Thursday, February 11, 2010

You're Welcome

About an hour ago, i saw You're Welcome, a series of five "bad plays," and for a variety of reasons, it was an extremely enjoyable production. The first of these is of course that we've also been learning about proper play structure in class and through the reverse psychology exercise of writing our own purposefully bad plays to learn from our mistakes, similarly to how You're Welcome ultimately played out as a strategy guide for inexperienced playwrights and directors. Another is that the second play was not in fact a play, but a single extended stage direction that narrated a suspenseful monster truck race. Yet another was that there was an aged, balding hipster laughing very loudly sitting in the row in front of me, sometimes slapping the leg of his awkward, more silent friend. Thanks to information I gained from casually eavesdropping on this friend, I was able to deduce that his name was Stephen (not certain if spelled with an ph or a v).

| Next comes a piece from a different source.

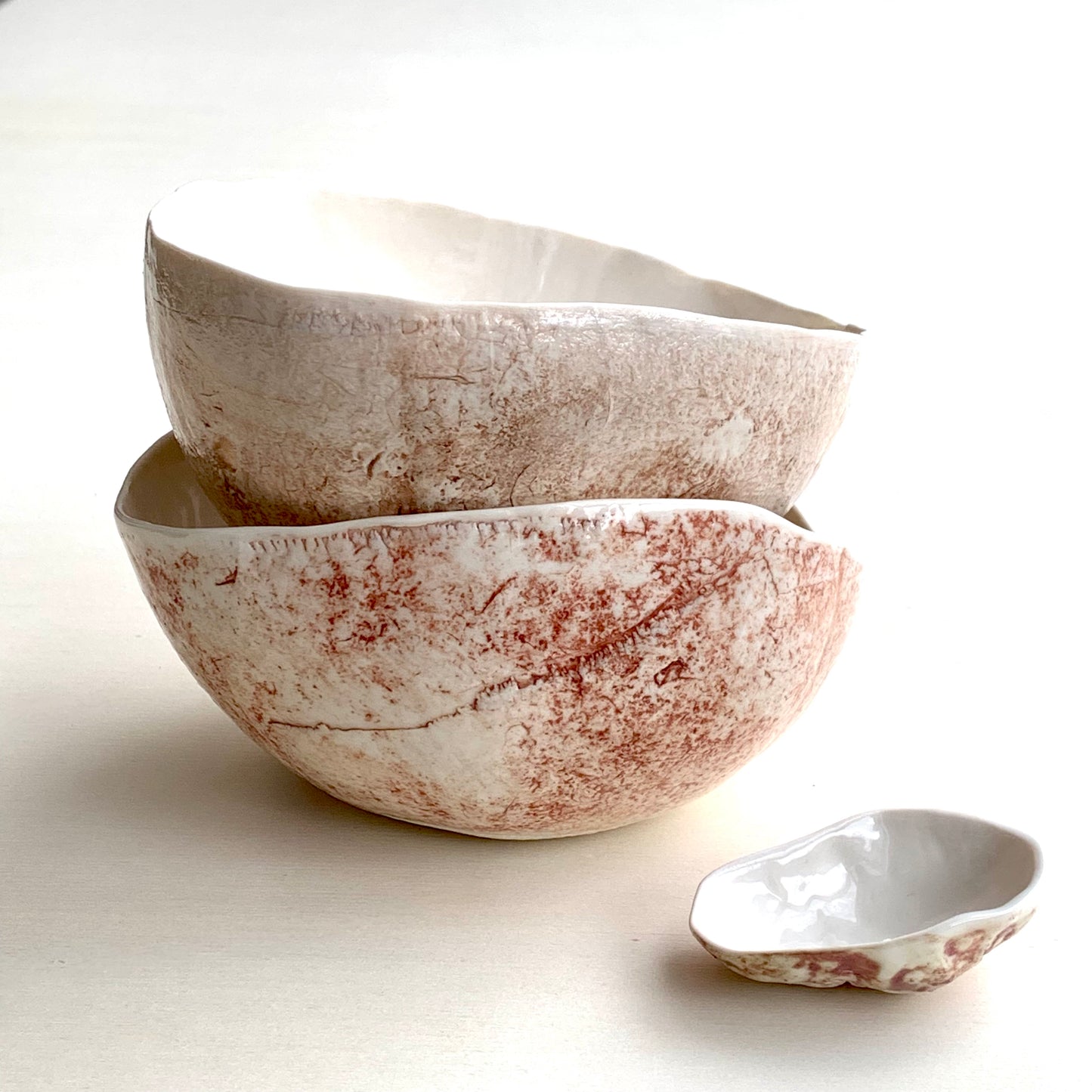 Unique handmade white porcelain ceramic bowl from the Amazon collection. This large bowl made of porcelain enriches your table setting with an elegant organic feel or will surprise someone as a personal ceramic gift. A one of a kind signature piece of tableware with a unique design and earth pigment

There were three main actors, along with several stage hands, and several of the plays were repeatedly interrupted by the director walking on stage for whatever reason, and the plays frequently touched upon what seemed like a kind of theme, a warning that on-stage hubris, in the form of expensive props or over the top direction styles, is ultimately quite detrimental to the play's integrity. I guess that's a fancy way of saying that I felt there was a certain sub-contextual message in the plays. At any rate, everything that was meant to parody something was taken to professional, well-planned extents that our bad plays could never reach, and it was hilarious to see such plays being preformed in actuality.